> [Exercise prompt] Each line of the data below containing "Sports" needs to be listed.

** Opening Given records block **

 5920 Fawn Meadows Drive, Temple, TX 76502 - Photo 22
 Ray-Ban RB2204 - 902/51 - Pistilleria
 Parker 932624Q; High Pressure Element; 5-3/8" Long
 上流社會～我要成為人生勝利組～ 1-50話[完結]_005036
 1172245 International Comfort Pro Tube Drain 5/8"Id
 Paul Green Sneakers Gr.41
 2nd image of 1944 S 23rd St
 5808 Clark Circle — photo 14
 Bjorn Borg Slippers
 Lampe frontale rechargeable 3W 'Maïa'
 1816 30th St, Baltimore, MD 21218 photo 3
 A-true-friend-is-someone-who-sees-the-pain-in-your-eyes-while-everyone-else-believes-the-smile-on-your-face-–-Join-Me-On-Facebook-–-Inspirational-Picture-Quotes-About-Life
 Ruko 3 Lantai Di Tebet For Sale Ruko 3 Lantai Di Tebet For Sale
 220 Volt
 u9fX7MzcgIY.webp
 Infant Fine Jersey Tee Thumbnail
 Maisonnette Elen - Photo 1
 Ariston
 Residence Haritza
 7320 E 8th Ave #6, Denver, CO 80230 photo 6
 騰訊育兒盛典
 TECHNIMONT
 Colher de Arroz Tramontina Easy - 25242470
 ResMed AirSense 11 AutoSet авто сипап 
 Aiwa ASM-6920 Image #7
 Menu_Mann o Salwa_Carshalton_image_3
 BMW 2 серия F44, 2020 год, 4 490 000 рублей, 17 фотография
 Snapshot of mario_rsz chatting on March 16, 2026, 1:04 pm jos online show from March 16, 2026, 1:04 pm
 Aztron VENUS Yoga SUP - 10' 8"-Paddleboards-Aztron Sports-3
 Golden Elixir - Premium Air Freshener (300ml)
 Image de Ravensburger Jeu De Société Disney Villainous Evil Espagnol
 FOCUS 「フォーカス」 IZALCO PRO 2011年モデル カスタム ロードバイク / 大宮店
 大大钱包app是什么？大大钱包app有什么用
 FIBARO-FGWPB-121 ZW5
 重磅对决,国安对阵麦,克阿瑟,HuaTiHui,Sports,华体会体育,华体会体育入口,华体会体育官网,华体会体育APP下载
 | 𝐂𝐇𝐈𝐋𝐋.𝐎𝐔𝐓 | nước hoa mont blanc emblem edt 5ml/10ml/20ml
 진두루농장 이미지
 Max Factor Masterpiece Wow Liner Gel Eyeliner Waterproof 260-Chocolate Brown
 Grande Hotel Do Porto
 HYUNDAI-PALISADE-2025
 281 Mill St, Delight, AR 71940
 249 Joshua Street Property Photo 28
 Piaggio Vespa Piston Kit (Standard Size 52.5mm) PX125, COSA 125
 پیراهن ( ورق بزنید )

** Closing Given records block **

> [Finished task]
 Aztron VENUS Yoga SUP - 10' 8"-Paddleboards-Aztron Sports-3
 重磅对决,国安对阵麦,克阿瑟,HuaTiHui,Sports,华体会体育,华体会体育入口,华体会体育官网,华体会体育APP下载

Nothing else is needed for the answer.